Start of Given data
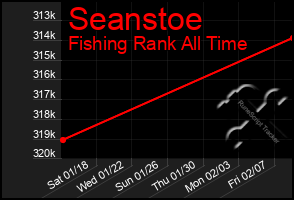 Total Graph of Seanstoe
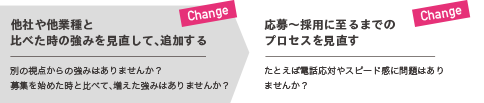 他社や他業種と比べた時の強みを見直して、追加する(別の視点からの強みはありませんか？募集を始めた時と比べて、増えた強みはありませんか？) | 応募〜採用に至るまでのプロセスを見直す(たとえば電話応対やスピード感に問題はありませんか？)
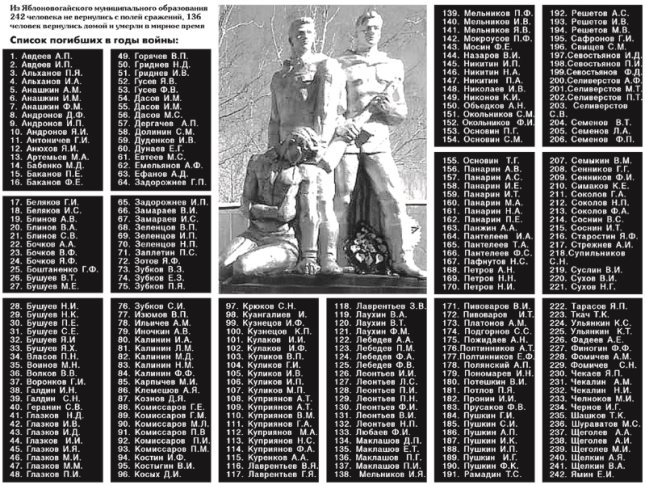 Списки погибших 155 бригады
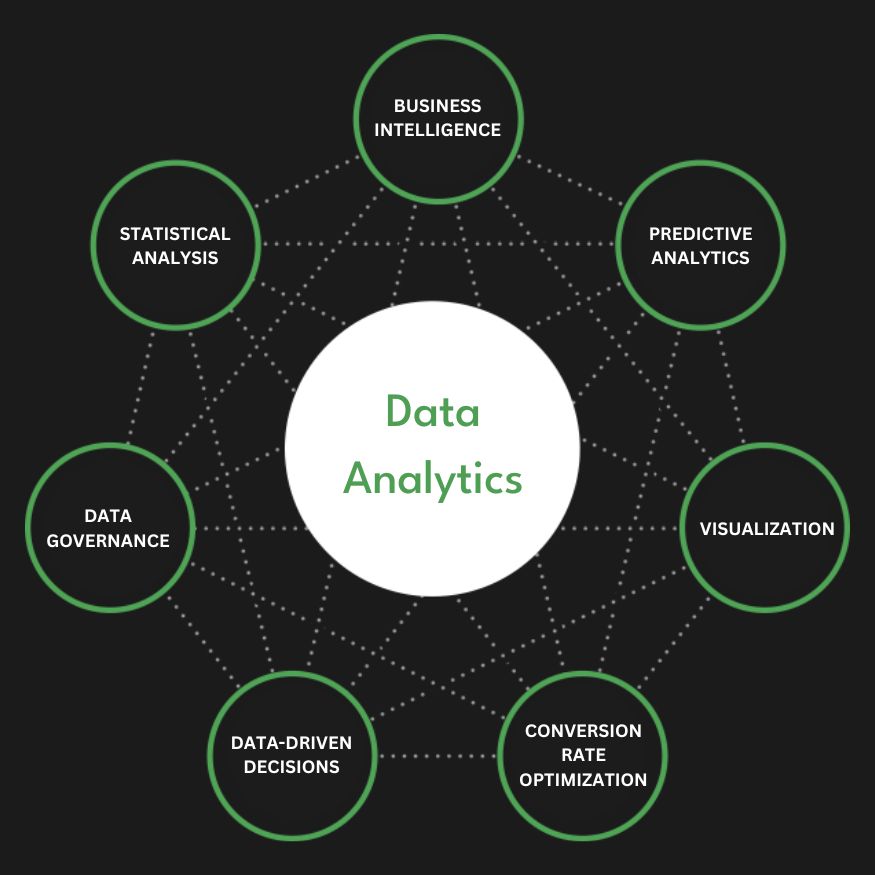 Full Service Data Analytics Agency Services Company Firm Diagram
End of Given data
▶ Problem details
Reproduce the data exactly, please, and omit its pictures.

▶ Exercise answer
 Total Graph of Seanstoe
 他社や他業種と比べた時の強みを見直して、追加する(別の視点からの強みはありませんか？募集を始めた時と比べて、増えた強みはありませんか？) | 応募〜採用に至るまでのプロセスを見直す(たとえば電話応対やスピード感に問題はありませんか？)
 Списки погибших 155 бригады
 Full Service Data Analytics Agency Services Company Firm Diagram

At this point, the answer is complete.